*EXERCISE BRIEF*
Nothing should appear in the answer except the lines from the one with "Willa - Crown Pants" through the end of the listing below, transcribed exactly and without pictures.

§ §

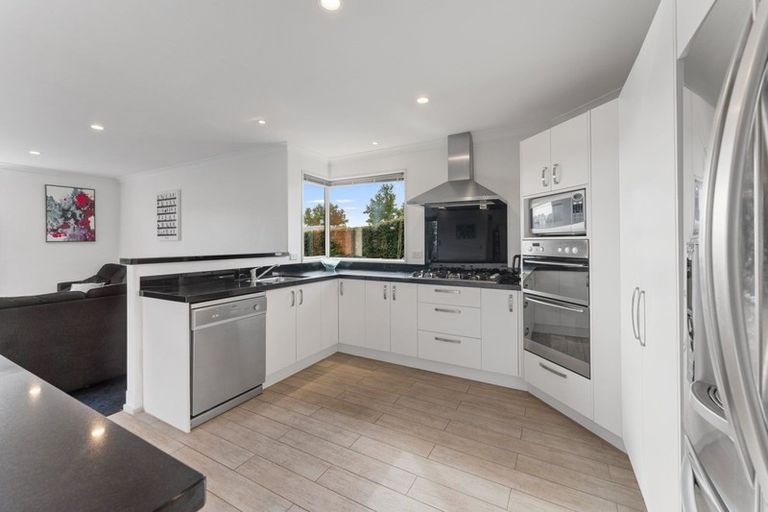 Photo of property in 10 Wild Dunes Place, Shirley, Christchurch, 8061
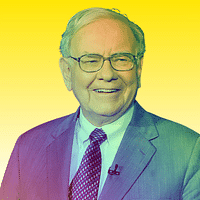 warren-buffett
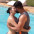 Foto do perfil de Flavio X Bianca
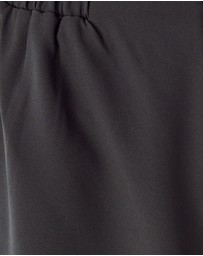 Willa - Crown Pants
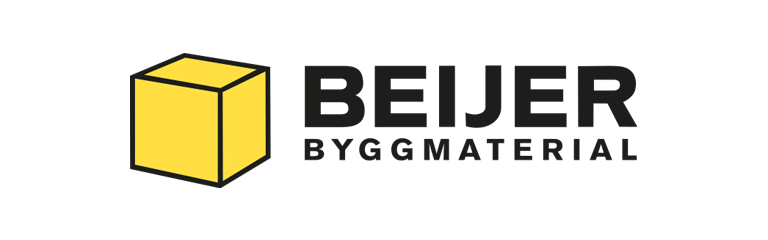 Beijer_logo.png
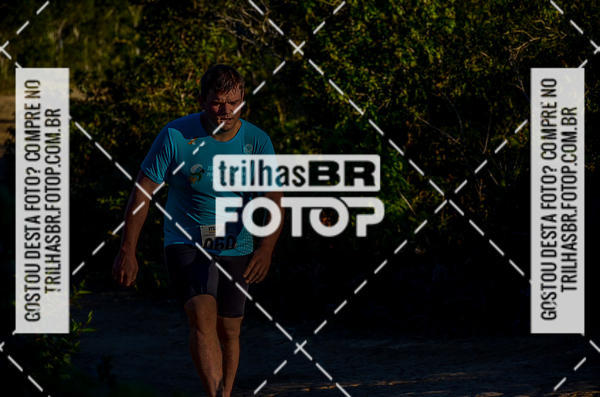 Buy your photos of the eventDesafio Morro Queimado on Fotop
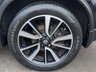 USED 2016 66 NISSAN X-TRAIL 1.6 dCi Tekna SUV 5dr Euro 6 (s/s) 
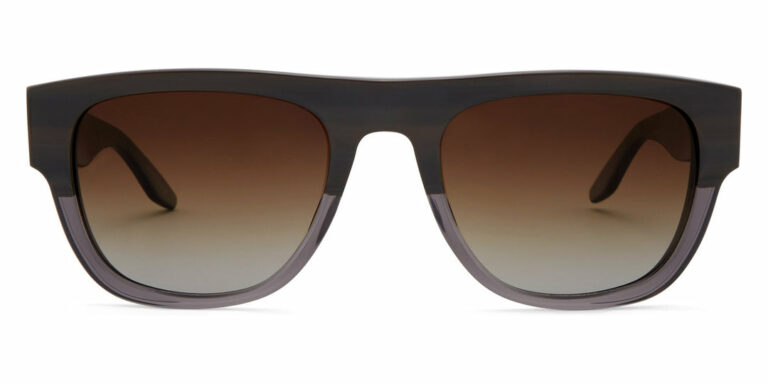 Mudslide / Brownstone Polarized AR / Brownstone Polarized AR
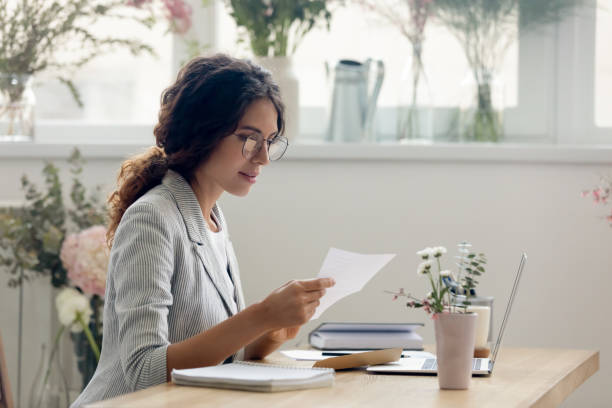 Best Financial Counseling and Guidance  in Salmon Creek, WA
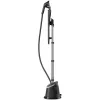 Philips STE3170/80 parný hladič stojanový parný hladič 2 L 2000 W čierny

§ §

*EXERCISE RESULT*
 Willa - Crown Pants
 Beijer_logo.png
 Buy your photos of the eventDesafio Morro Queimado on Fotop
 USED 2016 66 NISSAN X-TRAIL 1.6 dCi Tekna SUV 5dr Euro 6 (s/s) 
 Mudslide / Brownstone Polarized AR / Brownstone Polarized AR
 Best Financial Counseling and Guidance  in Salmon Creek, WA
 Philips STE3170/80 parný hladič stojanový parný hladič 2 L 2000 W čierny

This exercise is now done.